▸ WHAT YOU SHOULD DO
Take the lines from the one containing "brown stylish boy hair" through the end of the material and write them out exactly, omitting pictures.

....

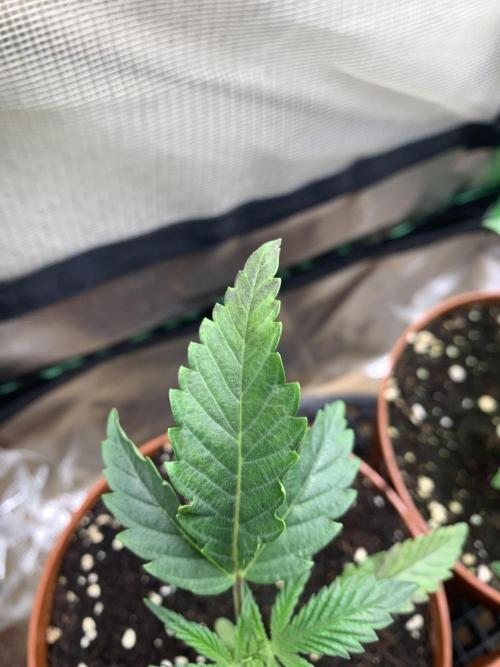 Jelly Donutz 3 Seeds Selection. Week 2 - Pheno#2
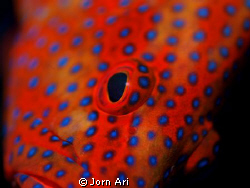 Coral Grouper close up.
Olympus e-420 + Ikelite housing ... by Jorn Ari 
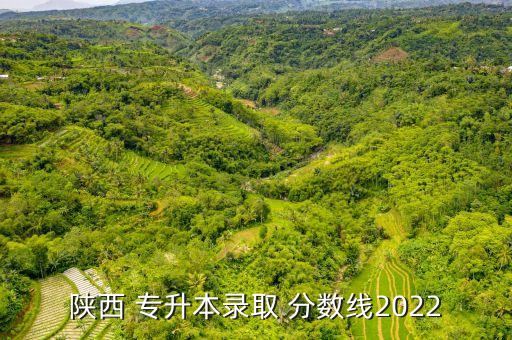 2016陜西省專升本分數(shù)線,醫(yī)學專業(yè)本科錄取分數(shù)線今年最高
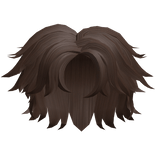 brown stylish boy hair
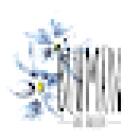 Blumen bei Beller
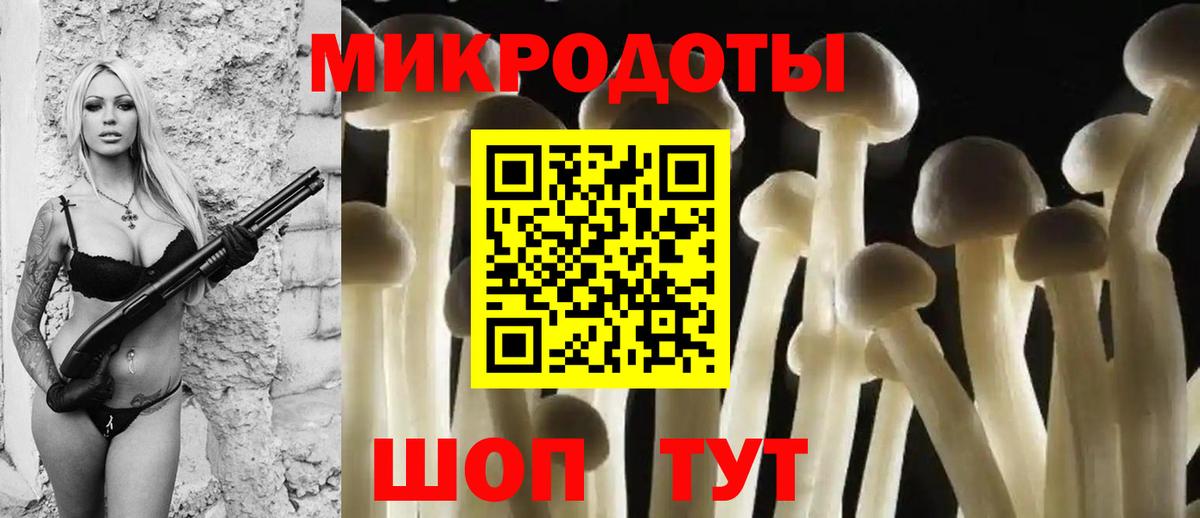 Галлюциногенные грибы Psilocybe Рославль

....

▸ RESPONSE BELOW
 brown stylish boy hair
 Blumen bei Beller
 Галлюциногенные грибы Psilocybe Рославль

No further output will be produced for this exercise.